=== GIVEN DATA ===
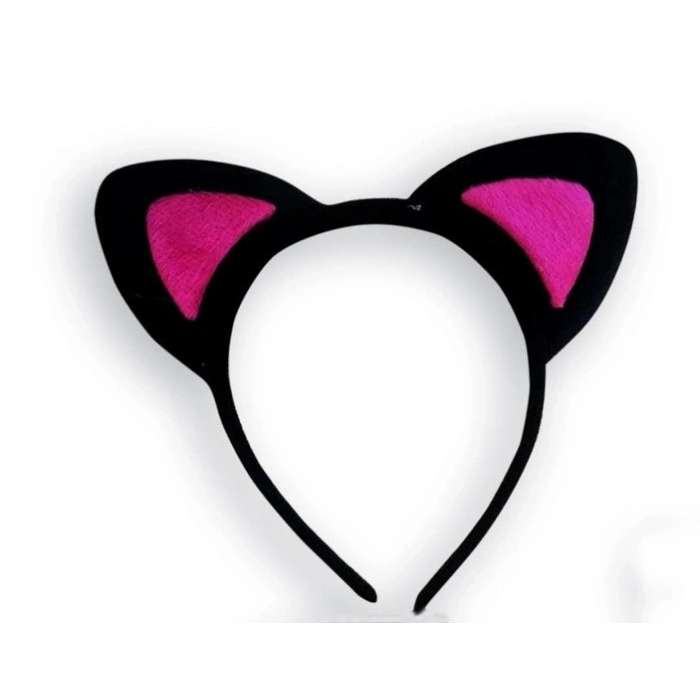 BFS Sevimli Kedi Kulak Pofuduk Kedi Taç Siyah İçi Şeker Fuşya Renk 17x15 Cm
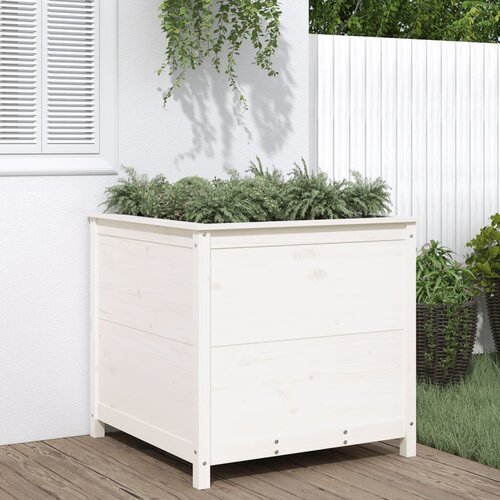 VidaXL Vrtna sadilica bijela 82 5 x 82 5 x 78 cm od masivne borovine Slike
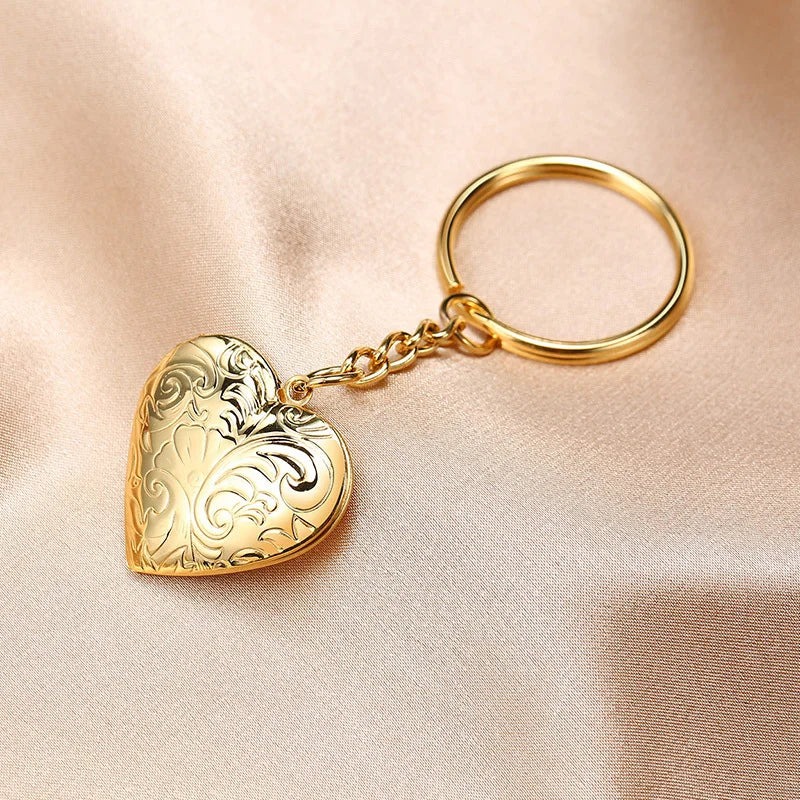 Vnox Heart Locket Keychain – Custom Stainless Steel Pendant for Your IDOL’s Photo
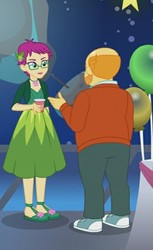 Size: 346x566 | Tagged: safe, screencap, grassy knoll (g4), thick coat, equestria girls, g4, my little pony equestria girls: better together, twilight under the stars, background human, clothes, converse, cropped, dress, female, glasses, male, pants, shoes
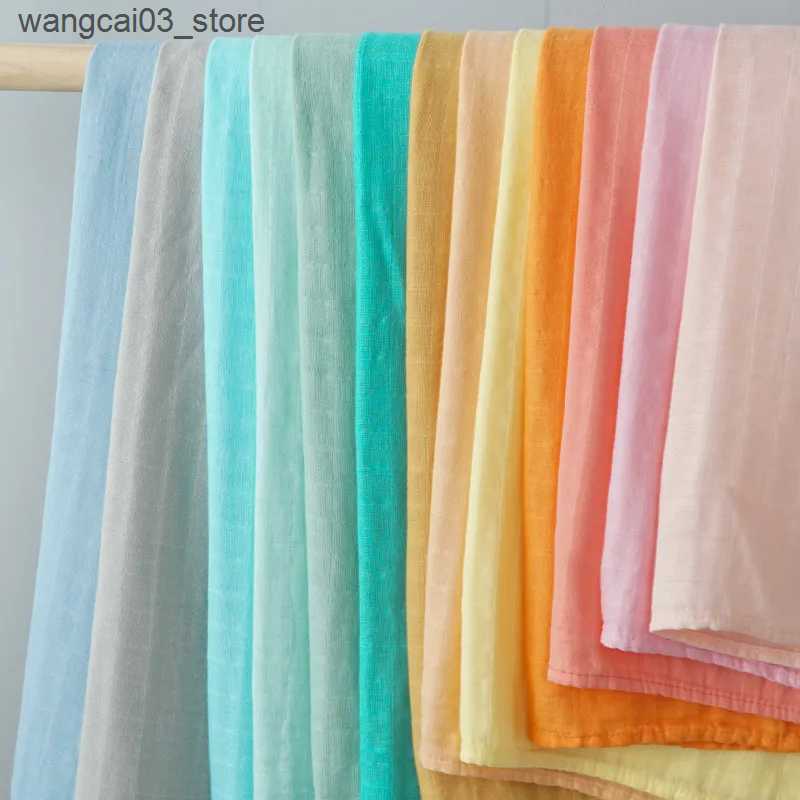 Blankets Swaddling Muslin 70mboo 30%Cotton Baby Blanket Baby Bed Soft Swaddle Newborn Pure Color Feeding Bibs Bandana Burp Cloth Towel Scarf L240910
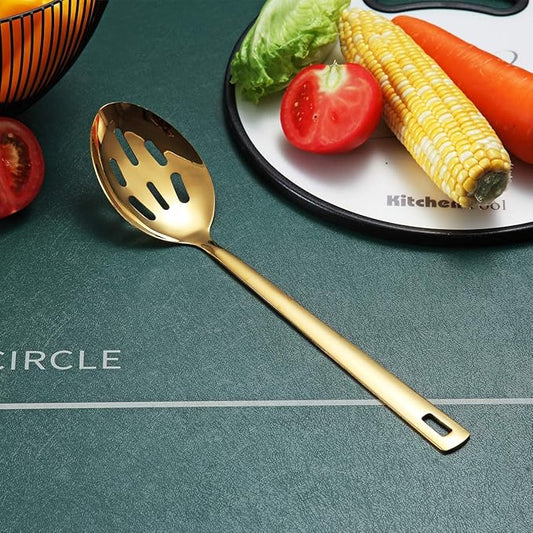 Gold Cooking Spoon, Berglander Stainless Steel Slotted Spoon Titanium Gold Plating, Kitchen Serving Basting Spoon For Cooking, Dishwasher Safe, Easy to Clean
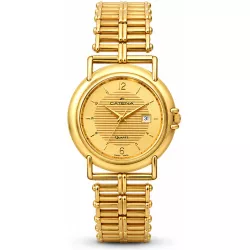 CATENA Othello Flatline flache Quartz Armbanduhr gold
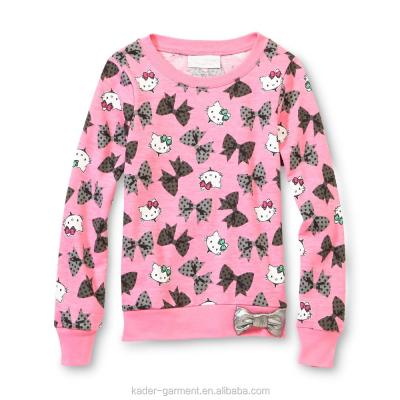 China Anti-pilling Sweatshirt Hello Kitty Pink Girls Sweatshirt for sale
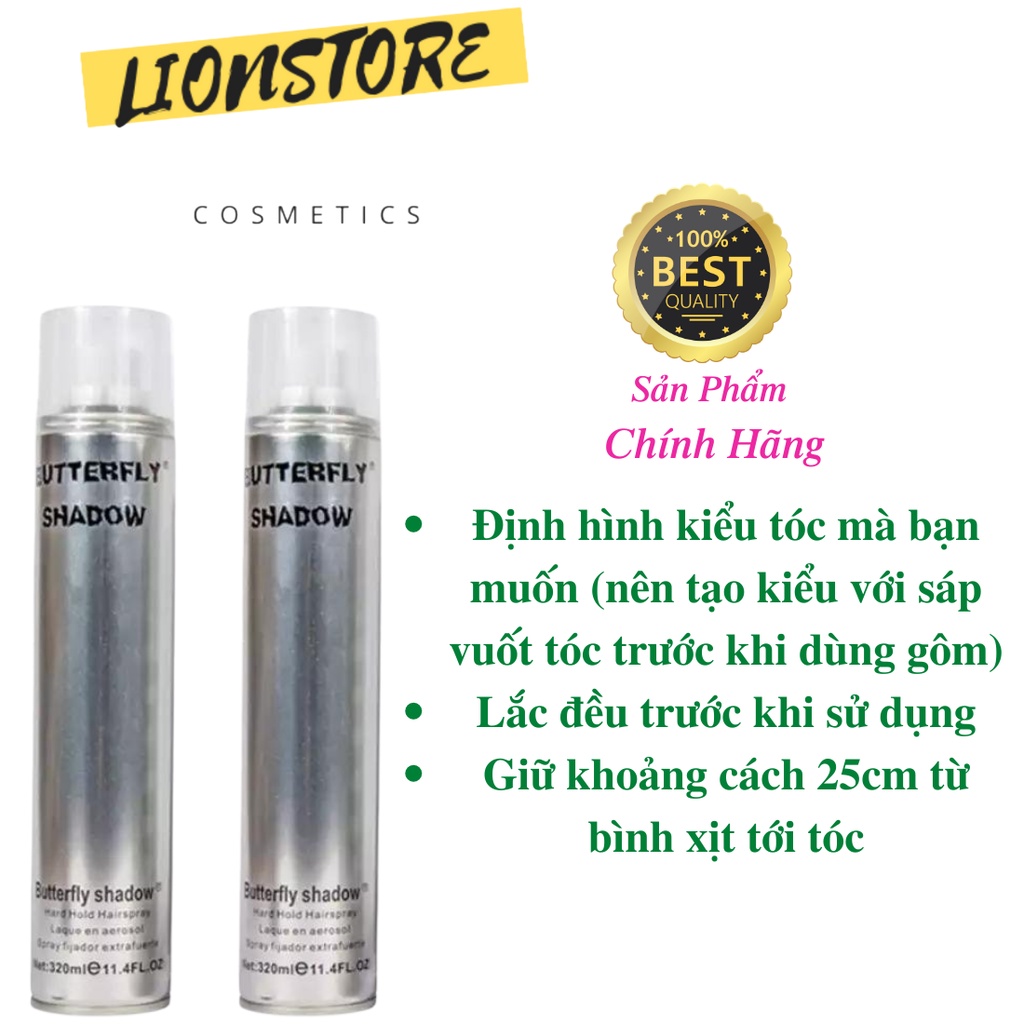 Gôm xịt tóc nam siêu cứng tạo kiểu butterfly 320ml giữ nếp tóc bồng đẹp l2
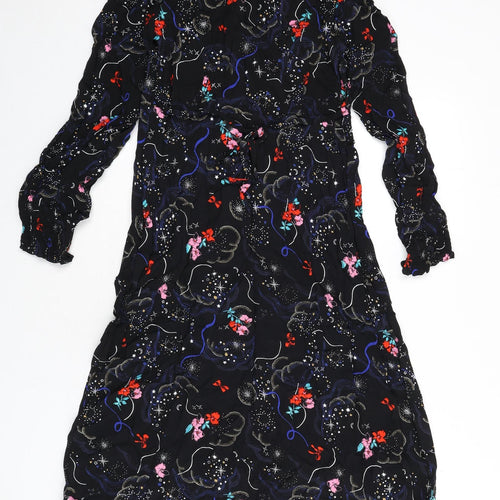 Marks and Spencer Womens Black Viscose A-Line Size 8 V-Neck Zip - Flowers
===
### [GOAL OF THE EXERCISE]
Your copy must hold every record above in its exact wording and must hold no pictures.

### [WRITTEN REPLY]
 BFS Sevimli Kedi Kulak Pofuduk Kedi Taç Siyah İçi Şeker Fuşya Renk 17x15 Cm
 VidaXL Vrtna sadilica bijela 82 5 x 82 5 x 78 cm od masivne borovine Slike
 Vnox Heart Locket Keychain – Custom Stainless Steel Pendant for Your IDOL’s Photo
 Size: 346x566 | Tagged: safe, screencap, grassy knoll (g4), thick coat, equestria girls, g4, my little pony equestria girls: better together, twilight under the stars, background human, clothes, converse, cropped, dress, female, glasses, male, pants, shoes
 Blankets Swaddling Muslin 70mboo 30%Cotton Baby Blanket Baby Bed Soft Swaddle Newborn Pure Color Feeding Bibs Bandana Burp Cloth Towel Scarf L240910
 Gold Cooking Spoon, Berglander Stainless Steel Slotted Spoon Titanium Gold Plating, Kitchen Serving Basting Spoon For Cooking, Dishwasher Safe, Easy to Clean
 CATENA Othello Flatline flache Quartz Armbanduhr gold
 China Anti-pilling Sweatshirt Hello Kitty Pink Girls Sweatshirt for sale
 Gôm xịt tóc nam siêu cứng tạo kiểu butterfly 320ml giữ nếp tóc bồng đẹp l2
 Marks and Spencer Womens Black Viscose A-Line Size 8 V-Neck Zip - Flowers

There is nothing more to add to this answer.